One of the deadliest types of cancer is pancreatic ductal adenocarcinoma (PDAC); the survival rate at five years after diagnosis is under ten percent. Most patients have an aggressive, metastatic form, and common treatments like chemotherapy and surgery are not usually effective. One major challenge presented by this disease is heterogeneity; pancreatic cancer tumors may have a variety of different genetic mutations and epigenetic alterations that vary not only from one patient to another, but also within one patients' tumor.
However, researchers have now revealed more about how pancreatic cancer grows and spreads. A type of cancer cell called mesenchymal PDAC cells were found to express high levels of a protein called BMP2, which can help control the expression of a protein called GREM1. GREM1, in turn, can regulate the types of cells that are in pancreatic tumors, and whether they are an aggressive, or a more mild type. The findings have been reported in Nature.
When GREM1 was turned off in a mouse model or in pancreatic tumor organoids, the shape of the tumor changed quickly, and the cancer took on new characteristics that enabled cells to break away from the tumor and invade other tissues. Once GREM1 was deactivated, it only took ten days for tumor cells to become a more dangerous, metastatic type.
When GREM1 was not functional in a mouse model of PDAC, the tumors spread to the mouse livers in about 90 percent of the mice. But if GREM1 was functional, only about 15 percent of the mouse PDAC model had liver tumors.
Importantly, the scientists were also able to reverse this process. When GREM1 levels were raised, invasive cancer cells reverted to a less pathogenic form.
It will take a lot more research and work, but it may be possible to use these findings to tame deadly forms of pancreatic cancer, and turn them into easier-to-treat cell types.

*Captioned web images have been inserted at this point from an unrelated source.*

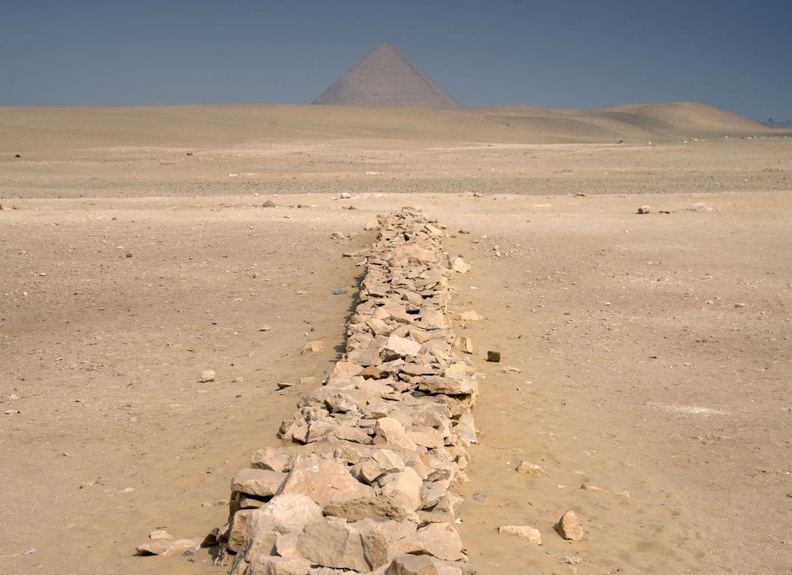 21_red_pyramid_from_bent_pyramid_along_roman_wall_dahshur_saqqara_7568_2nov23zac.jpg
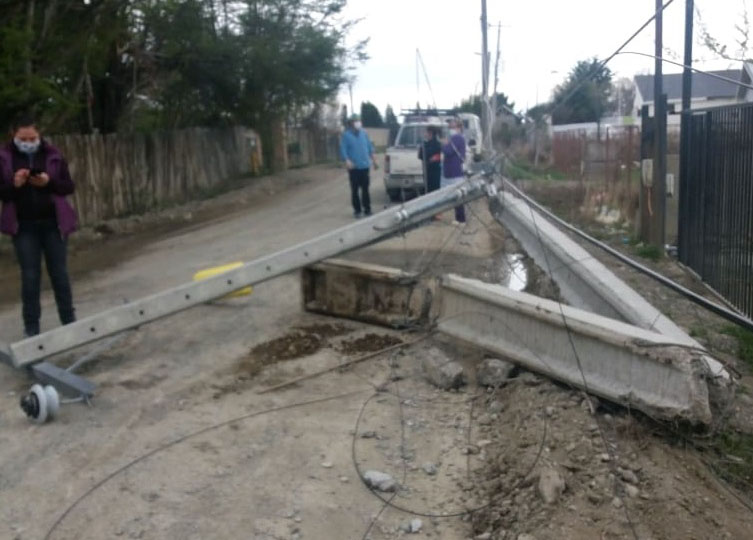 Camión que enganchó tendido eléctrico en Barranco Amarillo dejó sin suministro a 387 vecinos.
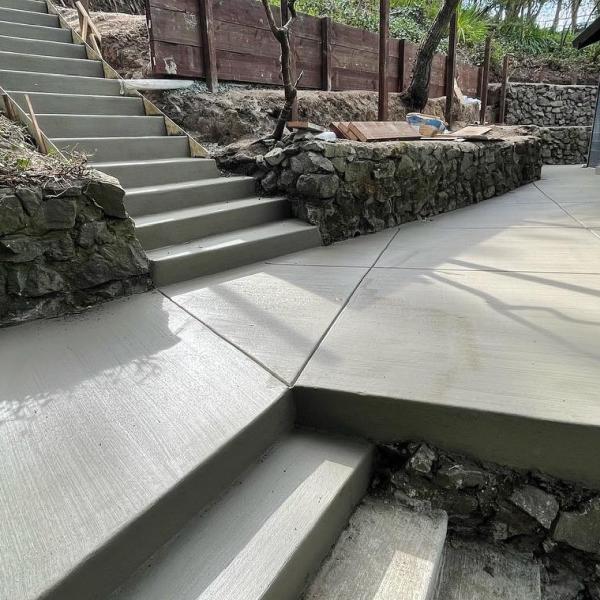 LG Concrete Inc.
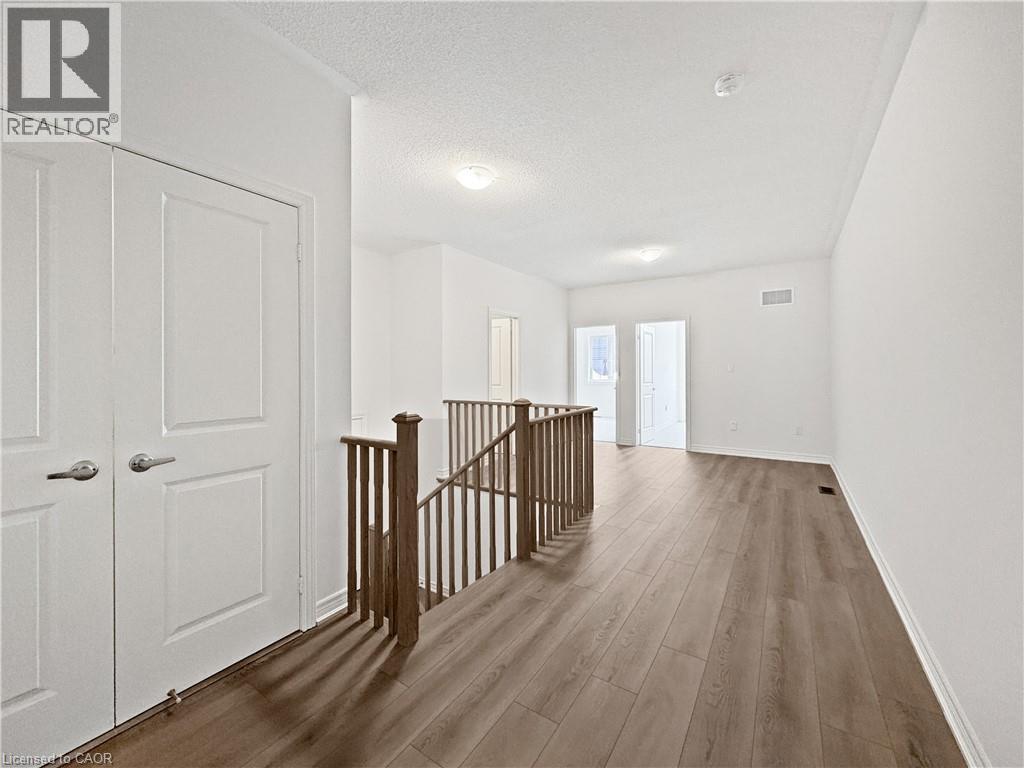 82 GLEDHILL Crescent thumbnail 33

The researchers noted that the regulatory feedback loop that BMP2 and GREM1 create is a reflection of a cell patterning mechanism that was proposed long ago by computer scientist, mathematician, and theoretical biologist Alan Turing. While BMP has a well-established role in tissue patterning during development, the study authors added, this research shows that the process is also active in pancreatic cancer.
"This is an important and fundamental discovery that opens up a new avenue for uncovering treatments for pancreatic cancer," said senior study author and Professor Axel Behrens of the Institute of Cancer Research. "We have shown that it is possible to reverse cell fate in pancreatic cancer in the lab, turning back the clock on aggressive tumors and switching them to a state that makes them easier to treat."